At the first meeting of the Leeds Inventors Group many years ago, our first speaker Lawrence Smith-Higgins, Head of Business Outreach & Education at the Intellectual Property Office, promised to send us a patent examiner to address one of our meetings. I reminded Lawrence of that promise every time I visited the Intellectual Property Office for a hearing and at every outreach event at which we were both present. Eventually he relented and arranged for Kalim Yasseen to speak to us earlier this year.  Kalim did in fact address the Sheffield group to a packed house but, sadly, he fell ill and was unable to repeat his talk in Leeds.
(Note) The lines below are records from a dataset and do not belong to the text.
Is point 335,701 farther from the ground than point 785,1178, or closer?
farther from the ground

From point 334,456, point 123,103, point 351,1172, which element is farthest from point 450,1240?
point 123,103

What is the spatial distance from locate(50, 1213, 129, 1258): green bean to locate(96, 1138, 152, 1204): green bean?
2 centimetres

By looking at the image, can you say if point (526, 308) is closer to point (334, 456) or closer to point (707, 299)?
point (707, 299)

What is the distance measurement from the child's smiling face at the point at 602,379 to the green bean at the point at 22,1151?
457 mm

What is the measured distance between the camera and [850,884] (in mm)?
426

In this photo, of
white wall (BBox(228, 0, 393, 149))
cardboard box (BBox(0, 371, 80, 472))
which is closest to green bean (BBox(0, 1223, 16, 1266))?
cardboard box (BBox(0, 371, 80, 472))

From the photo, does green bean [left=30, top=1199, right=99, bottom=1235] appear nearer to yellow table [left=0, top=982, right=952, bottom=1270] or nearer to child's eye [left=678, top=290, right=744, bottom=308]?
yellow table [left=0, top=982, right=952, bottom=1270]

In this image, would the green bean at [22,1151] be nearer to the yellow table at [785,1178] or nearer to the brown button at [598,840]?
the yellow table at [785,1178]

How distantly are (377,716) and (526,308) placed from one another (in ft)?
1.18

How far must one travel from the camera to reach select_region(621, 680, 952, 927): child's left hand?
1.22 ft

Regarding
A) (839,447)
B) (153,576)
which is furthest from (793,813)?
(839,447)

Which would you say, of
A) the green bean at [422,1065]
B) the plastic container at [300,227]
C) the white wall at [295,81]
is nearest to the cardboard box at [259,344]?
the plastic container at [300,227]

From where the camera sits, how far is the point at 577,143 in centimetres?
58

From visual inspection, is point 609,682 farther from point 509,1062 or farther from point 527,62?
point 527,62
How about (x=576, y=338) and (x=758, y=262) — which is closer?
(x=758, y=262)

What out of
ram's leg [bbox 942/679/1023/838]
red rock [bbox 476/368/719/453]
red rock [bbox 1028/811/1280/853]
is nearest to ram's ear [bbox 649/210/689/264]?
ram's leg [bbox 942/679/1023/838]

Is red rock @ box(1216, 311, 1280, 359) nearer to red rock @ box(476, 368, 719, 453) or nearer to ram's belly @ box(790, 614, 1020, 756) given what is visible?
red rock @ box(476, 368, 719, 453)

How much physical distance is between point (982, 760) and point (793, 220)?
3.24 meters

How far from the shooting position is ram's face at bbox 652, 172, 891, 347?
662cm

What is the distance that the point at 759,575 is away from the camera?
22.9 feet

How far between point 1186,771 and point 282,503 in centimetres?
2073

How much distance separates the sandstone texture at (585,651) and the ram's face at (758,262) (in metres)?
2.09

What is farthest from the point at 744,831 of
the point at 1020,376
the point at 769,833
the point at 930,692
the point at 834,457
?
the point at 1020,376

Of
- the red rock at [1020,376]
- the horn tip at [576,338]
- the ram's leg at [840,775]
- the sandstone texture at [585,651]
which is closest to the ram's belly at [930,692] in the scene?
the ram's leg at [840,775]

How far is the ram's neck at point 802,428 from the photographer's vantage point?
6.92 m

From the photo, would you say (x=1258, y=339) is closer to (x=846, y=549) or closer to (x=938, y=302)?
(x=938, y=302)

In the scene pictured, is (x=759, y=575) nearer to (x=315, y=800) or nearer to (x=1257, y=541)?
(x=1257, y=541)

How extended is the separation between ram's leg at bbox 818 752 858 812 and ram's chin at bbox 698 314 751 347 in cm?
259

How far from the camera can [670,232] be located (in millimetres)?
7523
Happily, Kalim's colleague, Sarah Whitehead, took his place and she was excellent. Starting from first principles, Sarah explained what a patent was and why an inventor or businessman or woman might want one. She distinguished patents from other intellectual property rights such as copyrights and design rights.  She outlined the inventors' bargain with the public - a monopoly in return for teaching the public how to make or work the invention - and showed how a patent specification reflects that deal. The description and drawings setting out the teaching and the claims the extent of the monopoly.   Patiently she educated the audience as to why the application had to be examined, how it was done and indeed why it seemed to take so long.  It is a very strong thing to grant a 20-year monopoly of the manufacture, importation, distribution and use of a new invention and it is not to be undertaken lightly. The British process may seem long drawn out but our Intellectual Property Office was significantly faster than many other countries'. Finally, Sarah talked about disputes over patents and how they may be resolved mentioning in particular the IPO's opinions service.
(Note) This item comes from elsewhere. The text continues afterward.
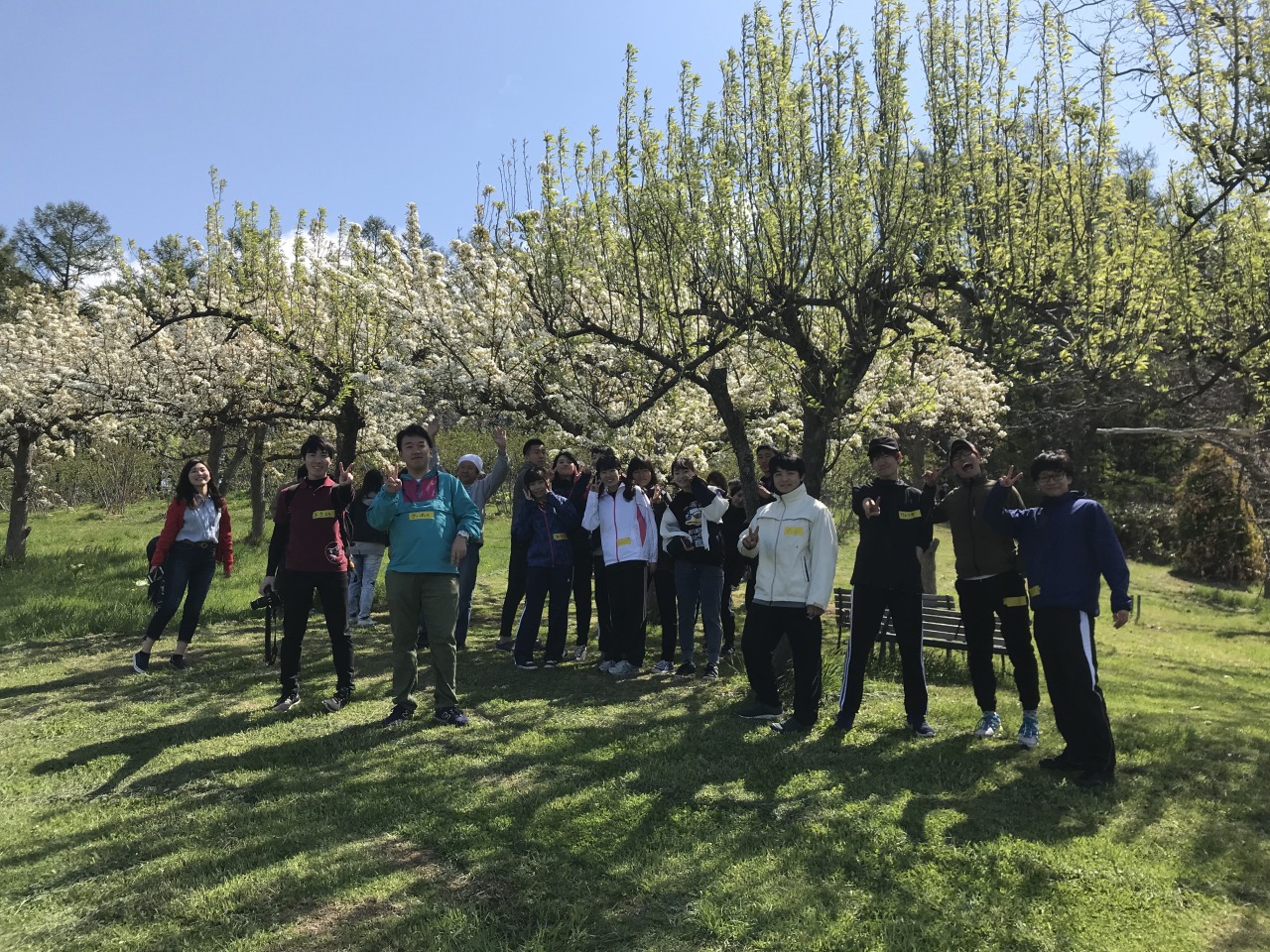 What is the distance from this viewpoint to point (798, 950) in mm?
3135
After her talk I invited Sarah to supper at "All Bar One". Over a hamburger and chips and vegetarian pad Thai (I had the burger and she the pad Thai) she told me a little more about her work and that of the examiners.  We discussed the practical effects of the Supreme Court's decision in Human Genome Sciences Inc v Eli Lilly and Company [2012] 1 All ER 1154, [2011] UKSC 51, [2012] RPC 6, [2012] Bus LR D37 (a case that I had blogged in "Patents: Human Genome Sciences Inc. v Eli Little and Co" IP/IT Update 9 Nov 2011).  Turning to other matters, she mentioned that she came from Derbyshire, that she was educated at the Universities of Bath and Manchester and that her research had been in life sciences. 

One of the many matters upon which we agreed was that the cost and risk of enforcement had inhibited British businesses from protecting their research and development adequately. We welcomed the new small claims track to the Patents County Court (see "Patents County Court - the New Small Claims Track Rules" IP/IT Update 20 Sept 2012) which will be the topic of my talk to Sheffield Inventors Group tomorrow 1 Oct 2012 at Sheffield Central Library at 18:00 and Liverpool Inventors Club at QualitySolicitors Jackson & Canter at 88 Church Street, Liverpool, L1 3AY on 29 Oct at 18:00.